# 21 Pandas

**Pandas** is a powerful Python library for data manipulation and analysis. It provides easy-to-use data structures and data analysis tools.

**Key Use Cases:**
- **Data Cleaning**: Handle missing values, duplicates, and inconsistent data
- **Data Transformation**: Filter, sort, merge, and reshape datasets
- **Data Analysis**: Statistical analysis, aggregation, and grouping operations
- **Time Series**: Work with date/time data and perform time-based operations
- **File I/O**: Read/write data from CSV, Excel, SQL databases, and more
- **Data Visualization**: Basic plotting capabilities integrated with matplotlib

**Why Pandas?** Built on NumPy, Pandas introduces Series (1D) and DataFrame (2D) for labeled data. It handles heterogeneous data, missing values, and complex operations efficiently. Essential for data science workflows, bridging raw data to insights.

## Import Pandas

Import Pandas and NumPy for data manipulation. Checking versions ensures compatibility.

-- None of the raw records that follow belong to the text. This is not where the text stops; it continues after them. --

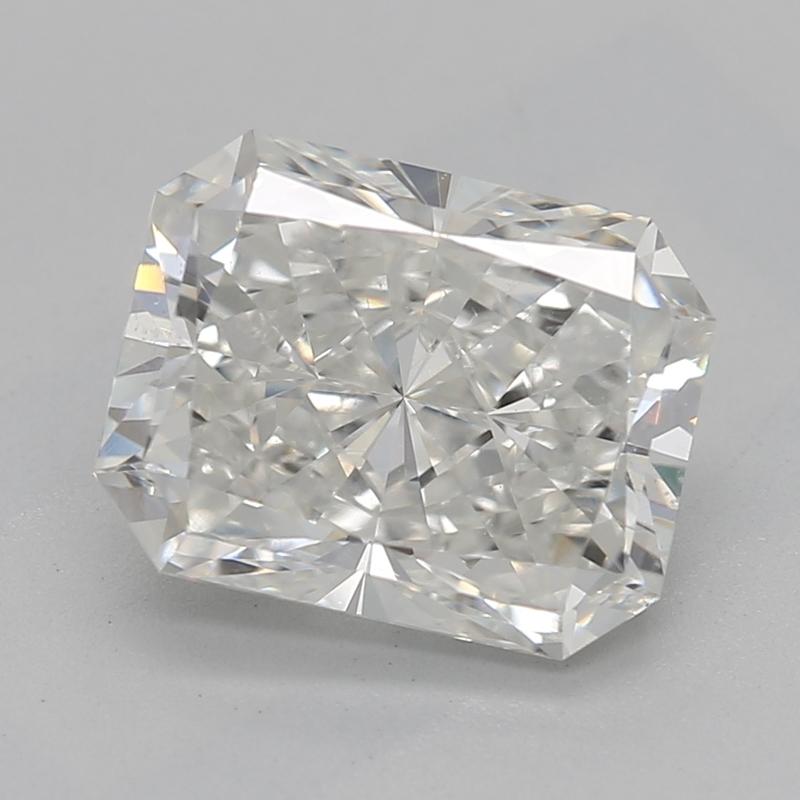 Handcrafted in New York, a stunning diamond ring that exemplifies timeless beauty and sophistication, featuring a captivating radiant center stone weighing 1.80 with a striking I and clarity of SI1. Its classic three-stone design is enhanced by two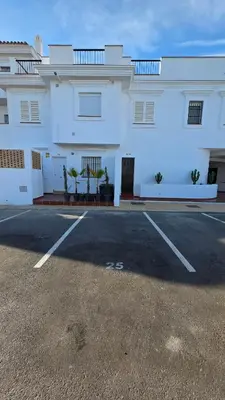 a white building with a parking lot in front of it at La San Sebastián del Sur by Sanlúcar Housing in Sanlúcar de Barrameda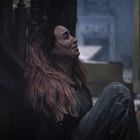 Eine Person mit langen Haaren sitzt verzweifelt auf dem Boden in einem dunklen, verfallenen Raum.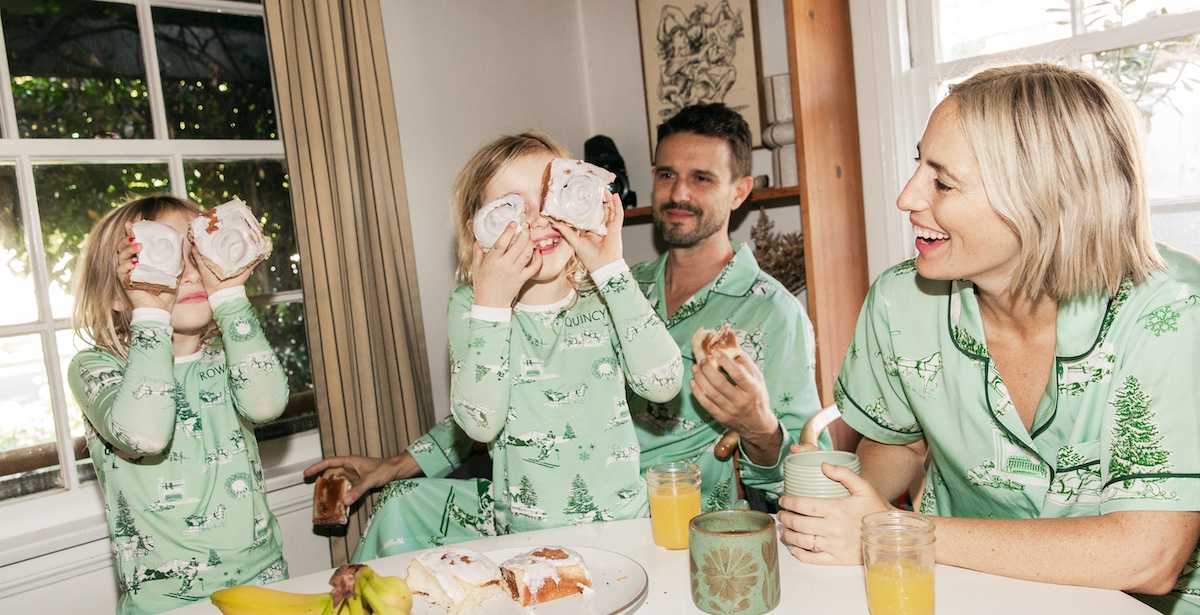Family eating breakfast wearing matching Katie Kime pajamas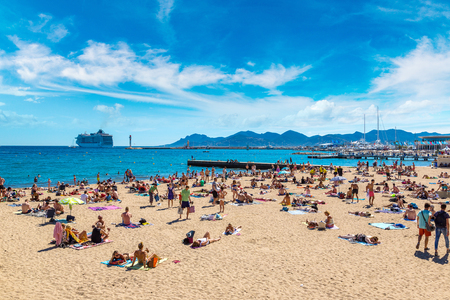 CANNES, FRANCE - JUNE 23, 2016: People on popular beach in Cannes in a beautiful summer day, France on June 23, 2016のeditorial素材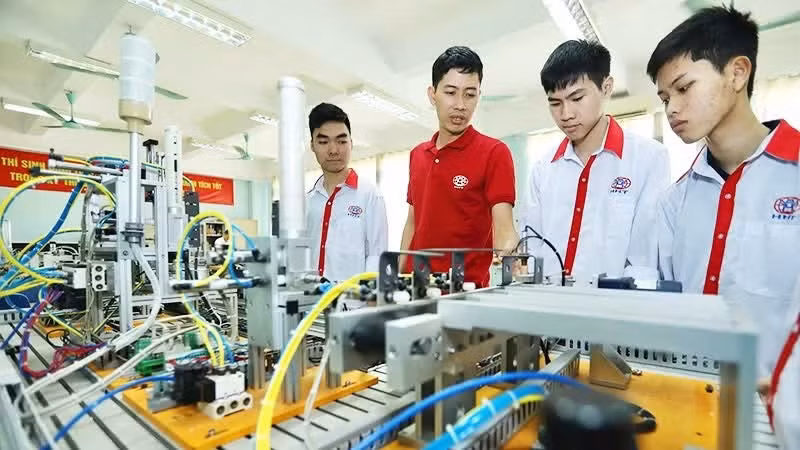 Students in an industrial electronics class practise on an automation model at Ha Noi High-Tech Vocational College.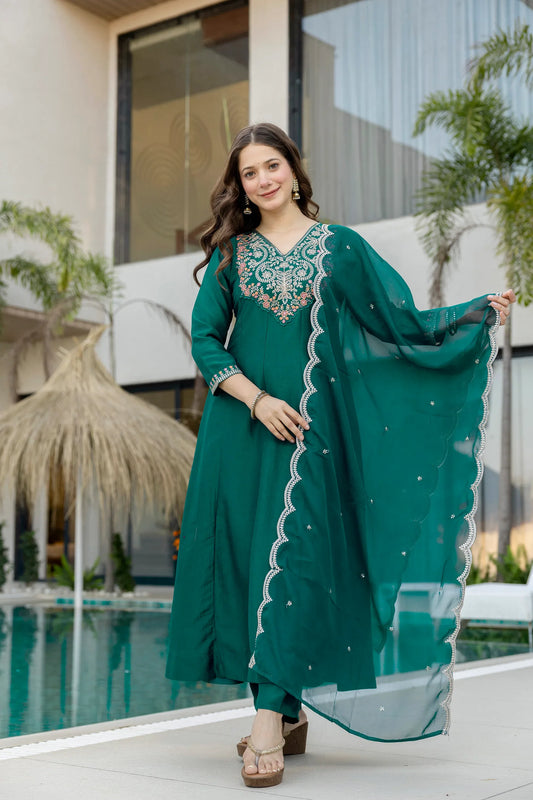 Woman in a teal traditional outfit with embroidery standing by a pool Glanzavi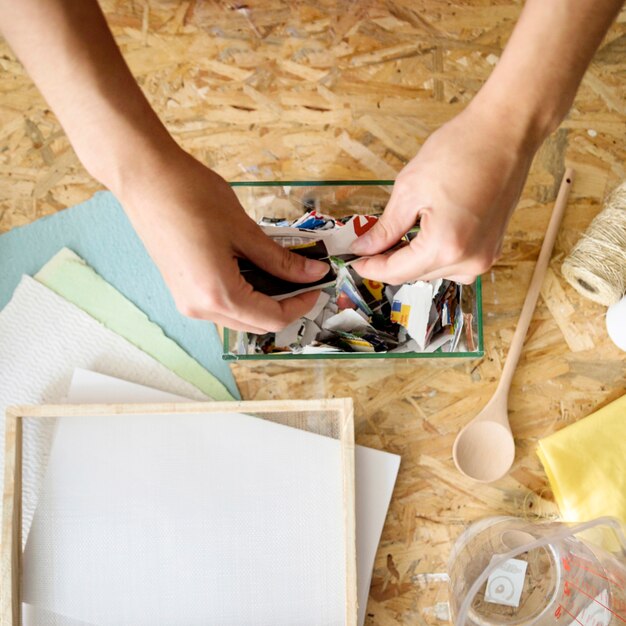 Woman's hand putting torned paper into glass container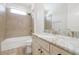Bright bathroom with a tub and shower combination and a marble countertop vanity at 3844 Bowfin Trl, Kissimmee, FL 34746
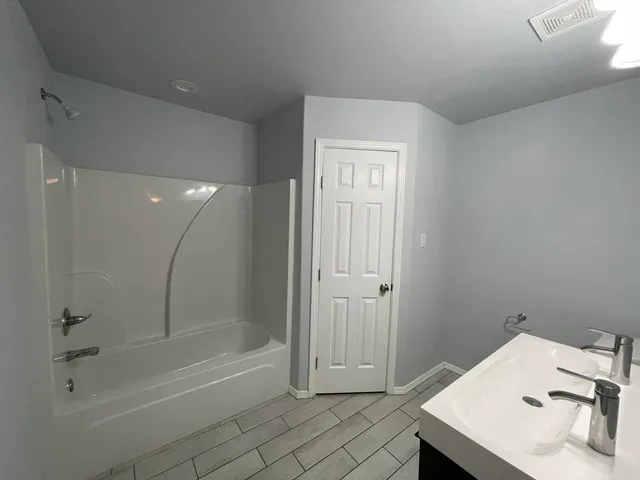 a bathroom with a sink and a shower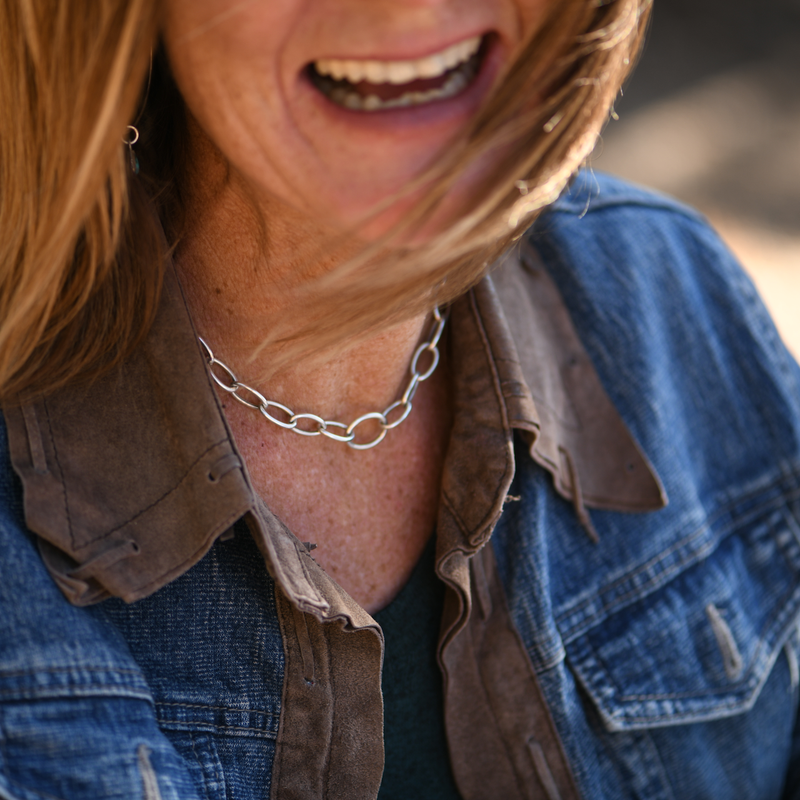 Woman wearing sterling silver oval-link statement chain necklace, close-up worn view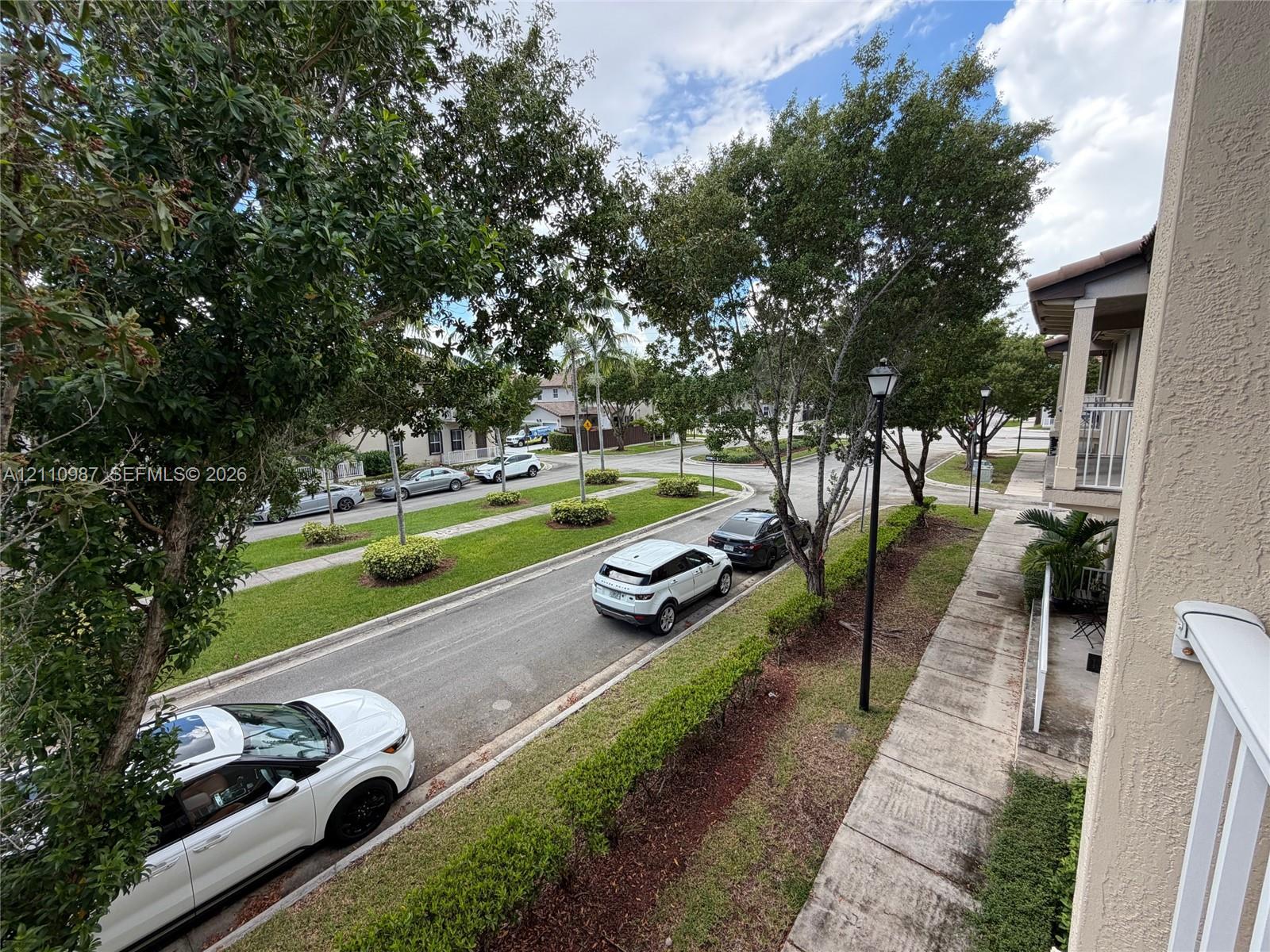 Exterior streetscape featuring a paved walkway, mature landscaping, manicured grass medians, and post-mounted outdoor lighting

**Details:** `import pandas as pd` is standard. NumPy is often imported alongside for array operations. Version checks help debug issues from library updates.

In [None]:
import pandas as pd
import numpy as np

print("Pandas version:", pd.__version__)

## Creating Series and DataFrames

Series are 1D labeled arrays; DataFrames are 2D tables with rows/columns.

**Details:** Series have an index; DataFrames have row/column indices. Created from lists, dicts, or NumPy arrays. Dict keys become columns. Crucial for structured data handling.

In [None]:
# Series
s = pd.Series([1, 3, 5, 6, 8])
print("Series:", s)

# DataFrame from dict
data = {'Name': ['Alice', 'Bob', 'Charlie'], 'Age': [25, 30, 35], 'City': ['NYC', 'LA', 'Chicago']}
df = pd.DataFrame(data)
print("DataFrame:")
print(df)

## Reading and Writing Data

Pandas supports various formats like CSV, Excel, JSON. `to_csv()` writes; `read_csv()` reads.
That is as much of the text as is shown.